Of course, I disclosed my criminal history on my law school applications, which I must have been filling out concurrently with the court proceedings. Only the University of Michigan seemed to care, requiring me to travel from Chicago to Ann Arbor for an interview with a dean. “Mr. Lubet,” he informed me, “not only have you been arrested more times than any other applicant to the law school, you have been arrested more times than every other applicant to the law school.” I was foolishly defiant, having already been accepted at other schools, so I just shrugged off the dean’s concerns. It did not seem to matter; Michigan soon accepted me with a full scholarship, which I turned down to attend the University of California at Berkeley (also with a scholarship, and no special interview).

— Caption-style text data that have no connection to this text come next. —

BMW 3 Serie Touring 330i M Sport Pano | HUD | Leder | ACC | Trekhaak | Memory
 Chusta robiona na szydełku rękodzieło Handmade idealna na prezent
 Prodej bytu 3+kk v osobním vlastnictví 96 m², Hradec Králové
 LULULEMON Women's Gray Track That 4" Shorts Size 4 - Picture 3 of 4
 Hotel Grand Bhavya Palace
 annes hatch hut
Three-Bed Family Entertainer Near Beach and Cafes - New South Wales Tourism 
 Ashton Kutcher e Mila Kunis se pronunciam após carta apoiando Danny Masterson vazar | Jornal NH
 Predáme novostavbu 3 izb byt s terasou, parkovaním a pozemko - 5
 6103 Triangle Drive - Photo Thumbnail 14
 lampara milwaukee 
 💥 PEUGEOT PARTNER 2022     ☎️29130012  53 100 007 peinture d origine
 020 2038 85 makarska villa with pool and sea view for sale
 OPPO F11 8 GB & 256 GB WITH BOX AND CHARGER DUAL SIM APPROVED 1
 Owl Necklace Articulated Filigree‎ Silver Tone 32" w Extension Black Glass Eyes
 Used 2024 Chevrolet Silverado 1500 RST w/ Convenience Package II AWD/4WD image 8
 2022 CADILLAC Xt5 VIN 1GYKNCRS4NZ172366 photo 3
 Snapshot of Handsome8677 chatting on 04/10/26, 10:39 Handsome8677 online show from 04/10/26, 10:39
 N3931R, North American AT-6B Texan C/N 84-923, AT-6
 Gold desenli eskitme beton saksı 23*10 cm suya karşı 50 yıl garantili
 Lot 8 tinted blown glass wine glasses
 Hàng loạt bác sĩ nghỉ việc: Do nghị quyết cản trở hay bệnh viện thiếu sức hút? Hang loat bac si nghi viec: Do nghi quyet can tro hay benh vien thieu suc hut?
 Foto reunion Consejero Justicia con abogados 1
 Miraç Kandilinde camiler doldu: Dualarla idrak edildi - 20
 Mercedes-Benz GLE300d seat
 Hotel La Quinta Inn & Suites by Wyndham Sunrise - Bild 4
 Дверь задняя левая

My probation, however, still had a year and a half to run, so I had to get court permission to attend law school out of state. The judge chided me for “joining the establishment,” which I had no intention of doing. But I smiled politely, and she signed the order allowing my move to California. The judge did not remember me years later when I appeared before her as a lawyer, but she smiled when I explained and thanked her.
Law school was uneventful, at least as far as getting arrested. After graduation I returned to Chicago to work at the Legal Assistance Foundation, but there still was the small matter of getting admitted to the bar. Approval was a formality for most of those who passed the exam, but not for me. Like Betts in Connecticut, I received a notice from the Character and Fitness Committee, informing me that my application needed additional information. I was scheduled for a special interview with a committee member. Only then did I consult a lawyer at the American Civil Liberties Union, which had represented me in the appeal of my overturned conviction. He advised me to tell the full truth, which I would have done anyhow, and to be contrite, which was not in my nature, though I resolved to do my best.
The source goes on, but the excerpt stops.